How retrieval works:

  • lexical search over document text
  • semantic search over stored embeddings
  • score merge of lexical and semantic signals
  • optional cross-encoder reranking over the top retrieved candidates
  • weak matches are filtered out

kb ask currently returns the best retrieved guidance with sources. It is a retrieval wrapper, not a generative answer engine.

Embeddings

Authoring commands and publish use the same embedding runtime configuration when semantic matching is needed.

Supported modes:

  • local-hash
  • bge-m3-openai

Example remote embedding config:

export KB_EMBEDDING_MODE=bge-m3-openai
export KB_EMBEDDING_API_URL=https://embeddings.example.com/v1/embeddings
export KB_EMBEDDING_MODEL=BAAI/bge-m3
export KB_EMBEDDING_API_KEY=...

Use local-hash for cheap local matching. Use bge-m3-openai for higher quality semantic matching and search.

Optional Reranking

If your first-stage retrieval is decent but the ordering is still weak, enable reranking.

Current integration:

  • stage 1: existing hybrid retrieval from PostgreSQL full-text search plus pgvector
  • stage 2: optional reranking of the top retrieved candidates through a cross-encoder endpoint
  • storage and publish flow do not change

Expected runtime:

export KB_RERANKER_MODE=tei-rerank
export KB_RERANKER_API_URL=https://your-reranker-host/rerank
export KB_RERANKER_MODEL=BAAI/bge-reranker-v2-m3
export KB_RERANKER_API_KEY=...
export KB_RERANKER_TOP_K=10

This is intended for kb search and kb ask.

Consumer Workflow

For users or agents consuming knowledge, the common flow is:

export KB_DATABASE_URL=postgresql://USER:PASSWORD@HOST:5432/DB

kb search "deployment rule"
kb ask "How do we deploy safely?"
kb get deployment-safety
kb status deployment-safety
kb list
kb list --with-proposals
kb catalog --json
kb doctor

That is the normal path. Most usage should be kb search, kb ask, kb get, and kb status, not kb create or kb edit.

Repo Bootstrap

Use kb init-repo to scaffold a knowledge repo and configure the GitHub automation.

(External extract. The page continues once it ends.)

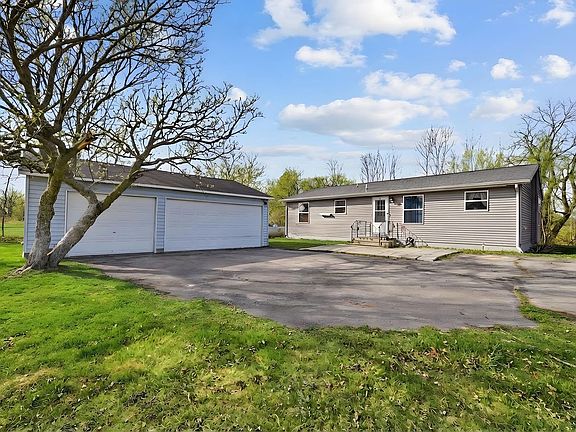 4th image of 23007 Lovell Rd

kb init-repo --interactive

It creates:

  • issue template for KB proposals
  • kb-issue-to-pr workflow
  • kb-publish workflow
  • docs directory scaffold

For remote bootstrap, kb init-repo --repo ... needs a GitHub token with repository admin access.

Notes

  • kb publish does not need GitHub credentials.
  • kb create and kb edit are GitHub-first authoring commands.
  • The repo is the approved truth; the vector DB is the published index.
  • If the repo and DB ever diverge, rerun publish from the repo state.